WHO Pandemic Treaty

The Covid-19 pandemic has been one of the greatest challenges to the established international order since the Second World War and international collaboration throughout the pandemic, and since, has been particularly significant. As in the late 1940s where, to avert a repeat of the cataclysm of total war, world leaders united to establish the multilateral system we have today, it is reasonably fair to argue that a similar effort is required on the part of world leaders to strengthen preparedness for potential future pandemics. 

So, I welcome the suggestion of the former Prime Minister, writing with other world leaders in 2021, that the international community should commit to producing a new international treaty for pandemic preparedness and response. I understand that such a treaty would aim to foster greatly enhanced cooperation in order to better protect the UK from the health, social and economic impacts of pandemics.

Discussions are ongoing at the World Health Organisation to this end. However, the Government will not support any treaty which compromises the UK's sovereignty. There is nothing in the proposed treaty that would impact our ability to take decisions about national lockdowns or associated measures at national level. I would certainly not support one which gave the WHO powers to make such decisions, which are rightly the preserve of national governments.

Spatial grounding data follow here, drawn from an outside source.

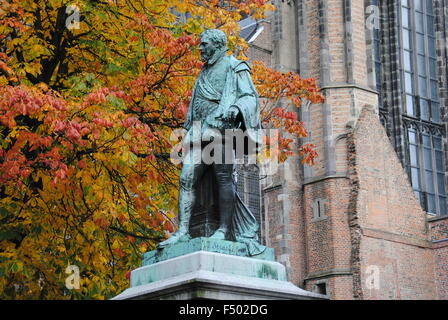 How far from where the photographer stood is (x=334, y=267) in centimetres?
2803

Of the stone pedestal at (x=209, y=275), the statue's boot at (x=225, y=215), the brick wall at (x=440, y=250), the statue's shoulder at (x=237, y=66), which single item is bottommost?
the stone pedestal at (x=209, y=275)

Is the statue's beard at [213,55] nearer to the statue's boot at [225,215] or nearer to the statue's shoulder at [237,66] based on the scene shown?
the statue's shoulder at [237,66]

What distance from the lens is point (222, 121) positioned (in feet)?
26.3

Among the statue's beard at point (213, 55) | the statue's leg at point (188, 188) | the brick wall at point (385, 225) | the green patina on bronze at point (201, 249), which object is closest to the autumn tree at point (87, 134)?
the statue's beard at point (213, 55)

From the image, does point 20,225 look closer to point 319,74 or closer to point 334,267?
point 334,267

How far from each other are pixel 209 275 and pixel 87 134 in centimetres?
496

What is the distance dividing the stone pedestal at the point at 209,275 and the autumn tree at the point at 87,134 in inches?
131

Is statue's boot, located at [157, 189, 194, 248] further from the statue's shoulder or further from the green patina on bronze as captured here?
the statue's shoulder

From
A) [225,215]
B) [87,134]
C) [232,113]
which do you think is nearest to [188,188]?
[225,215]

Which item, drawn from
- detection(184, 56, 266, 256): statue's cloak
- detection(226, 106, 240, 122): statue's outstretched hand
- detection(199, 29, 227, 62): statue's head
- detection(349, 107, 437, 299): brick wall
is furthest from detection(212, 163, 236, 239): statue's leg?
detection(349, 107, 437, 299): brick wall

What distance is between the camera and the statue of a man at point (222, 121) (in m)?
8.01

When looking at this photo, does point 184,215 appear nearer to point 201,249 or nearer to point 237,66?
point 201,249

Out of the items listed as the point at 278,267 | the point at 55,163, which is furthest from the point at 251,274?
the point at 55,163

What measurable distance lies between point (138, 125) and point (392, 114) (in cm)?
2487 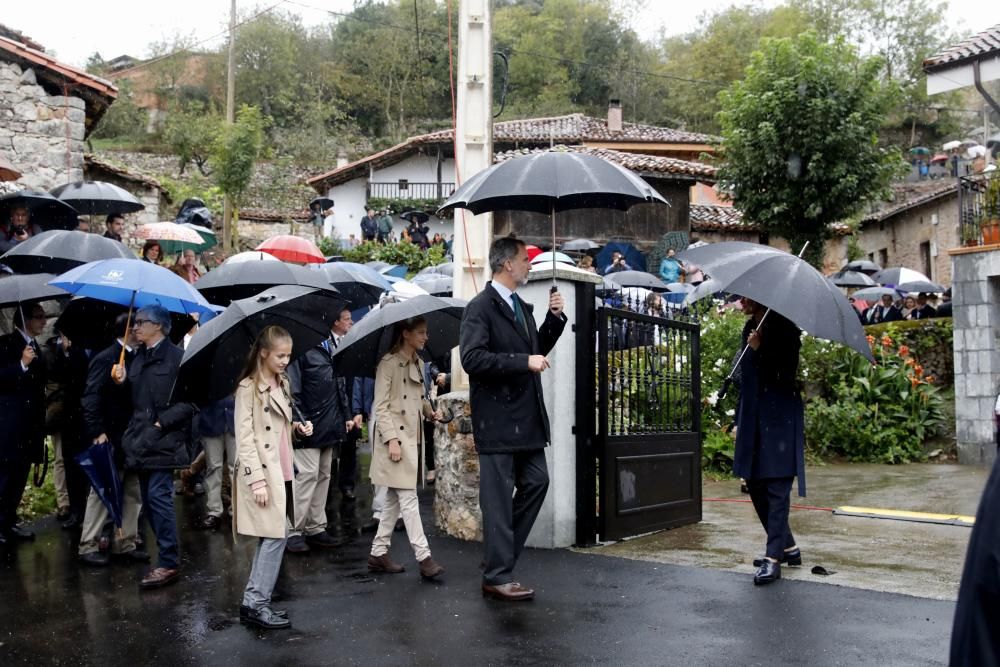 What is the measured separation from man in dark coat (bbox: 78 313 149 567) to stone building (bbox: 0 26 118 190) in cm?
840

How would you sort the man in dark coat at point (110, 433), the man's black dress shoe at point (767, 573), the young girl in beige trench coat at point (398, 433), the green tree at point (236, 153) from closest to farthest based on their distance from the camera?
the man's black dress shoe at point (767, 573) → the young girl in beige trench coat at point (398, 433) → the man in dark coat at point (110, 433) → the green tree at point (236, 153)

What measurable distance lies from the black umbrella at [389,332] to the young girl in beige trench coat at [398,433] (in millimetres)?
133

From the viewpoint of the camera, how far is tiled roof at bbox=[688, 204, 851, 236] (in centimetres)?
3431

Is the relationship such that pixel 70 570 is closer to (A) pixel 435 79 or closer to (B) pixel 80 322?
(B) pixel 80 322

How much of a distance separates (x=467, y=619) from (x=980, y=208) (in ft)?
37.5

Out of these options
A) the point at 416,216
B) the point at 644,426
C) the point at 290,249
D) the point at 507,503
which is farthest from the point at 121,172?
the point at 507,503

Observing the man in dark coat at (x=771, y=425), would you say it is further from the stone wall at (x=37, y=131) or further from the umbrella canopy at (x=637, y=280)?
the stone wall at (x=37, y=131)

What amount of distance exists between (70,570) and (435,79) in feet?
169

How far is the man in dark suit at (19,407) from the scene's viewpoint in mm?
7875

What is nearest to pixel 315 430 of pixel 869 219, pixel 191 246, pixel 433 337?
pixel 433 337

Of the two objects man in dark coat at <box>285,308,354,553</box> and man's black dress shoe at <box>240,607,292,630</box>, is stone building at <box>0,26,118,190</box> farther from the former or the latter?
man's black dress shoe at <box>240,607,292,630</box>

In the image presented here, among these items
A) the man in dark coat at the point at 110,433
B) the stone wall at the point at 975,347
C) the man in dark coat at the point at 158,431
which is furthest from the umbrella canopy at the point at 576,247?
the man in dark coat at the point at 158,431

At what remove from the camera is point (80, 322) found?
8.27 metres

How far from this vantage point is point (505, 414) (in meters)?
6.22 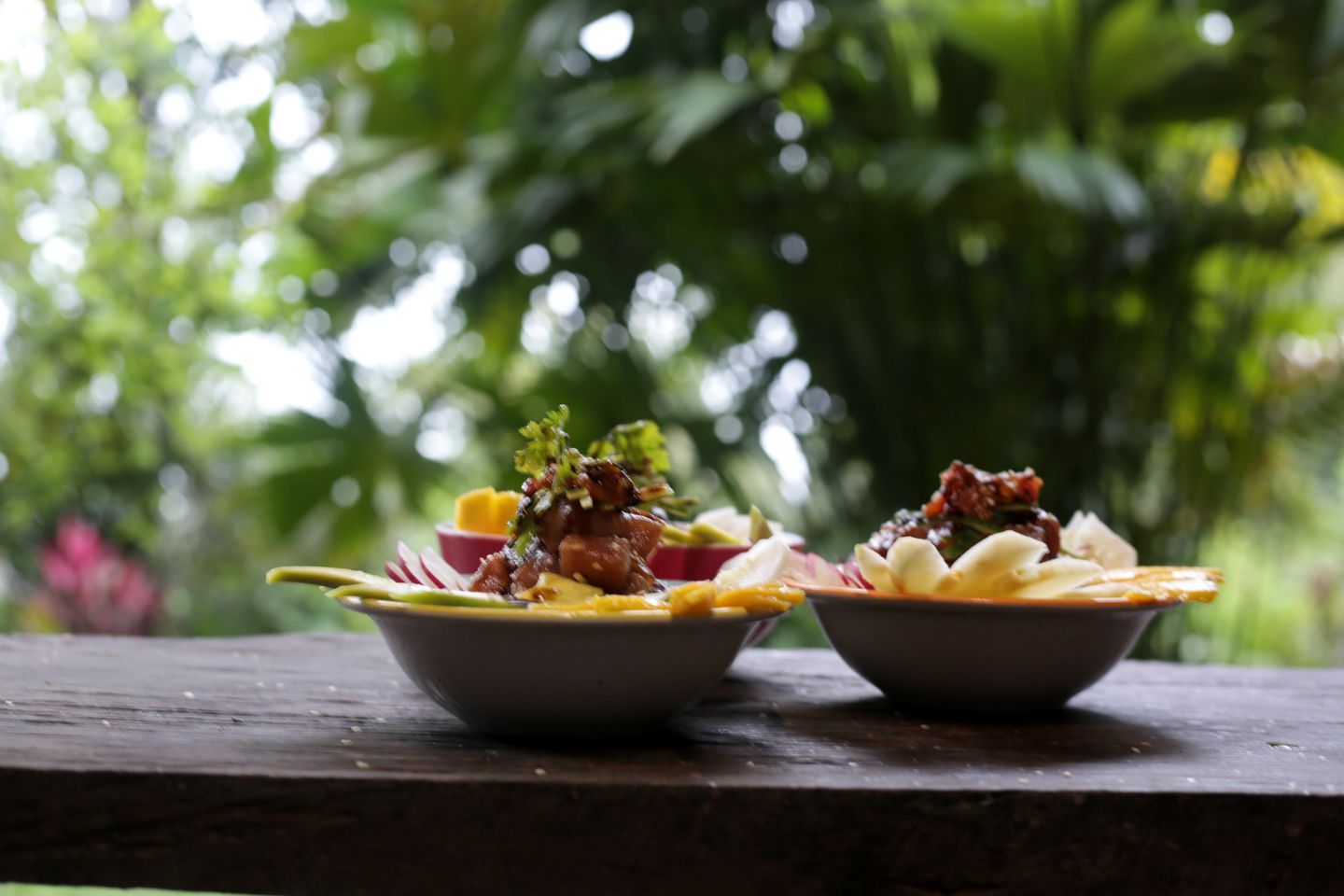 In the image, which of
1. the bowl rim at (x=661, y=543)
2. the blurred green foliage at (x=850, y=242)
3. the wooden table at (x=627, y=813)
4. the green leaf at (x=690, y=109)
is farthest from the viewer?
the blurred green foliage at (x=850, y=242)

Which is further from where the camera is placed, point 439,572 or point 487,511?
point 487,511

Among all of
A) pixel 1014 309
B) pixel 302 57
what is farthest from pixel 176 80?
pixel 1014 309

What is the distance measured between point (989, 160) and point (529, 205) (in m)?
0.84

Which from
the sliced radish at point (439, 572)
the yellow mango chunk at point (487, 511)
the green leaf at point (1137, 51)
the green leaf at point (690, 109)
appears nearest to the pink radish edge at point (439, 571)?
the sliced radish at point (439, 572)

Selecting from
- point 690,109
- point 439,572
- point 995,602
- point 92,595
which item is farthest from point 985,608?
point 92,595

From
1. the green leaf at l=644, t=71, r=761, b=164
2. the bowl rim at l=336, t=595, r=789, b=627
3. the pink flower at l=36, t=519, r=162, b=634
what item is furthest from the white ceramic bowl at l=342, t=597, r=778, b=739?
the pink flower at l=36, t=519, r=162, b=634

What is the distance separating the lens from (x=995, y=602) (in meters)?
0.77

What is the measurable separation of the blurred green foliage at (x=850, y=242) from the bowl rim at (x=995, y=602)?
3.91ft

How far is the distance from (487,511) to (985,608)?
1.13 feet

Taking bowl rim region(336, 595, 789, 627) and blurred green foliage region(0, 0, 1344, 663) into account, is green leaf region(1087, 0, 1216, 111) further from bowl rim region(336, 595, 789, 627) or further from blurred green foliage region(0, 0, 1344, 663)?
bowl rim region(336, 595, 789, 627)

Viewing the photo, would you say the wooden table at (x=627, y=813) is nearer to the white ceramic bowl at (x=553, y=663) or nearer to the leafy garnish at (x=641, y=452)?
the white ceramic bowl at (x=553, y=663)

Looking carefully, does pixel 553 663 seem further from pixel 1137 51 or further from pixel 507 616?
pixel 1137 51

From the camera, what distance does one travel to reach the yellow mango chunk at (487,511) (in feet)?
2.94

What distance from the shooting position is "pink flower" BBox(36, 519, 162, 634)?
3107 mm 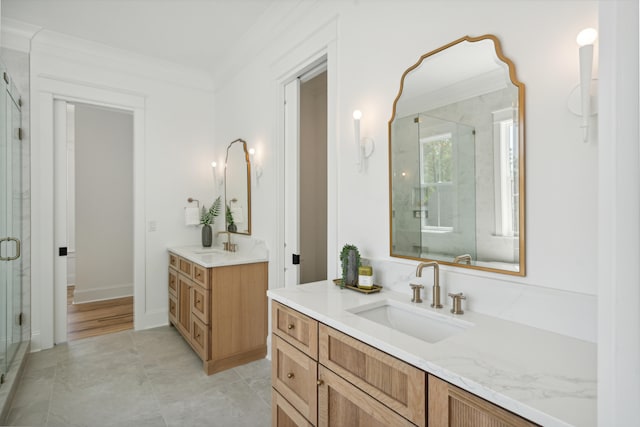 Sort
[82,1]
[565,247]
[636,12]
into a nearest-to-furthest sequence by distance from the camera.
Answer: [636,12] < [565,247] < [82,1]

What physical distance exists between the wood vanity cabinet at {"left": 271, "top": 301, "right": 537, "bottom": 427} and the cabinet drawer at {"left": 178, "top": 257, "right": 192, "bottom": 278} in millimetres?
1594

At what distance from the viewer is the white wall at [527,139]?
1.10m

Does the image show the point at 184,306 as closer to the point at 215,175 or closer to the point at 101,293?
the point at 215,175

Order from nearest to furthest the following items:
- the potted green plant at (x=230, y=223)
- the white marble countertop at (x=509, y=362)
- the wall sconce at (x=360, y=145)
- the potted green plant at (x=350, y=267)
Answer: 1. the white marble countertop at (x=509, y=362)
2. the potted green plant at (x=350, y=267)
3. the wall sconce at (x=360, y=145)
4. the potted green plant at (x=230, y=223)

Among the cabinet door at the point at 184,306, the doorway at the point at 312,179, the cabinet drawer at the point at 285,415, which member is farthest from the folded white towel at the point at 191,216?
the cabinet drawer at the point at 285,415

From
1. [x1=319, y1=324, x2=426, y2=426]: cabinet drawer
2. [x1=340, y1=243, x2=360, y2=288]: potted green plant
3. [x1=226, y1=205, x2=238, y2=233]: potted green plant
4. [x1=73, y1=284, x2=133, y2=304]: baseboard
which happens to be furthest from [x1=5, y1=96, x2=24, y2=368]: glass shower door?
[x1=319, y1=324, x2=426, y2=426]: cabinet drawer

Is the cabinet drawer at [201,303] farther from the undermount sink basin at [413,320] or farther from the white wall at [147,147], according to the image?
the undermount sink basin at [413,320]

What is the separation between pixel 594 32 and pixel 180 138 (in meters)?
3.66

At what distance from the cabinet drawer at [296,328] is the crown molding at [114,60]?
316cm

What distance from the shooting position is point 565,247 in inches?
44.6

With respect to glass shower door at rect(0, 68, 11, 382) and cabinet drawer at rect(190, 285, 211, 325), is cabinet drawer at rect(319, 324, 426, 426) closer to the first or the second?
cabinet drawer at rect(190, 285, 211, 325)

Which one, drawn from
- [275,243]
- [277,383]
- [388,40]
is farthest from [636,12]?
[275,243]

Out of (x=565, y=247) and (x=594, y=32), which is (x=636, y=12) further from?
(x=565, y=247)

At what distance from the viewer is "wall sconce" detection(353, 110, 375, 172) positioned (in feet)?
6.10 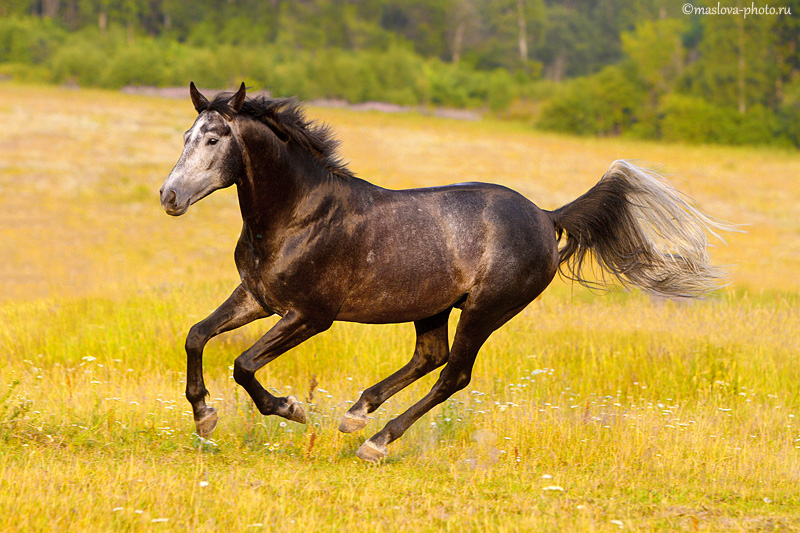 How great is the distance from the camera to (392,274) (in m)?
5.36

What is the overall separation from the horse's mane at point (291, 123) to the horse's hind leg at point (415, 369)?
50.1 inches

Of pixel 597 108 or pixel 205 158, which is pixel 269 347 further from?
pixel 597 108

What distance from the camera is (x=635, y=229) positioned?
630cm

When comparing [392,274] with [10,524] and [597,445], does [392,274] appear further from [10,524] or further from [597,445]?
[10,524]

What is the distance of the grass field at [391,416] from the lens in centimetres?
465

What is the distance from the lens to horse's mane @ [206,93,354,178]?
494cm

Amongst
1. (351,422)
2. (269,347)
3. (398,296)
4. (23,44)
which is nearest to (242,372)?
(269,347)

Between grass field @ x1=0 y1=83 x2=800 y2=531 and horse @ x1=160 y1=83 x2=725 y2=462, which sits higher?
horse @ x1=160 y1=83 x2=725 y2=462

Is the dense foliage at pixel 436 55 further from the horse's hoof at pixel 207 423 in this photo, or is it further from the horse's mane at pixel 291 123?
the horse's hoof at pixel 207 423

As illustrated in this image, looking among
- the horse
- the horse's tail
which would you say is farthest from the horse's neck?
the horse's tail

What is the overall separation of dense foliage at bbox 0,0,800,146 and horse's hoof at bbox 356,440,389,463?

During a recent debate held on this, the Minister of State, Foreign, Commonwealth and Development Office, Anne Marie Trevelyan MP, said: 

“The speculation that somehow the instrument will undermine UK sovereignty and give WHO powers over national public health measures is simply not the case. I absolutely reassure both my right hon. Friend and my hon. Friend the Member for Hastings and Rye (Sally-Ann Hart), who raised a similar issue earlier, on behalf of all their constituents: that is not the case. The UK remains in control of any future domestic decisions about public health matters—such as domestic vaccination—that might be needed in any future pandemic that we may have to manage. Protecting those national sovereign rights is a distinct principle in the existing draft text. Other Members have also identified that as an important priority, so it is good to have the opportunity of this debate, brought about by those who have concerns, to restate that that is absolutely not under threat.”

You can watch the debate in full here.

Once adopted, international treaties only become binding in the UK when ratified by Parliament in accordance with our constitutional process. No international treaty can by itself change UK law. 

If changes to UK law were considered necessary or appropriate to reflect obligations under the treaty, proposals for domestic legislation would go through the usual Parliamentary process and the UK would not ratify the treaty until domestic measures, agreed by Parliament, were in place. This process of ratification allows scrutiny by elected representatives of both the treaty and any appropriate domestic legislation in accordance with the UK’s constitutional arrangements.